**Dataset content**

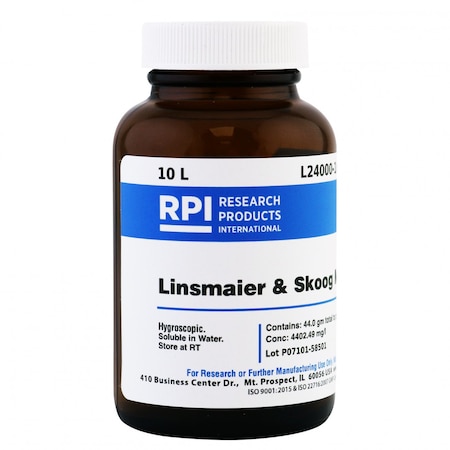 Rpi Linsmaier and Skoog Medium, Powder, 44g Makes 10 Liters L24000-10.0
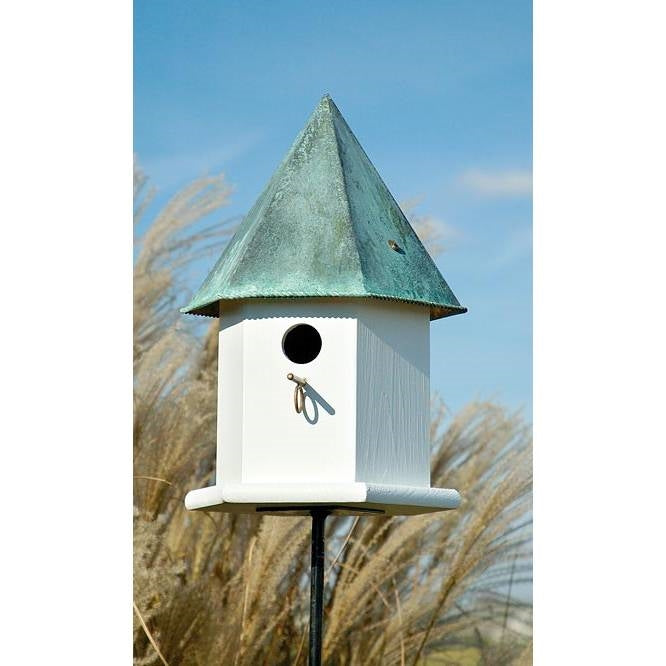 White Octagonal Bird House with Verdigris Copper Roof - Made in USA LuxuryLifeWay Online Store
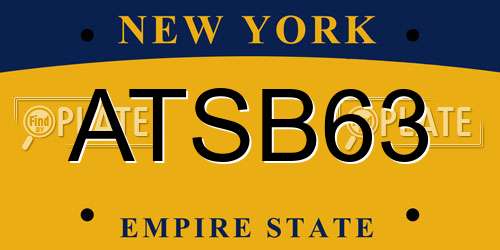 ATSB63 New York License Plate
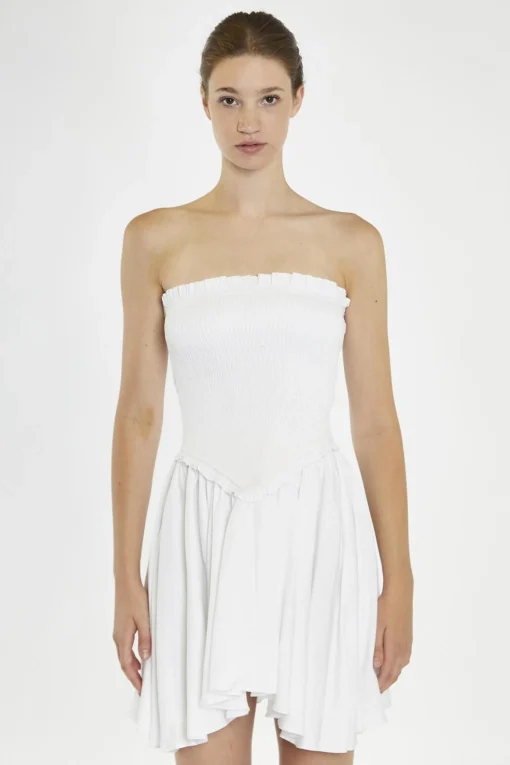 Glamorous Day Dresses|Mini Dresses|White Strapless Smocked Mini-Dress -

**Task goal**
The expected output is an exact retyping of the lines from the line with "White Octagonal Bird" through the last line of the data, with both ends kept and the pictures dropped.

**Task solution**
 White Octagonal Bird House with Verdigris Copper Roof - Made in USA LuxuryLifeWay Online Store
 ATSB63 New York License Plate
 Glamorous Day Dresses|Mini Dresses|White Strapless Smocked Mini-Dress -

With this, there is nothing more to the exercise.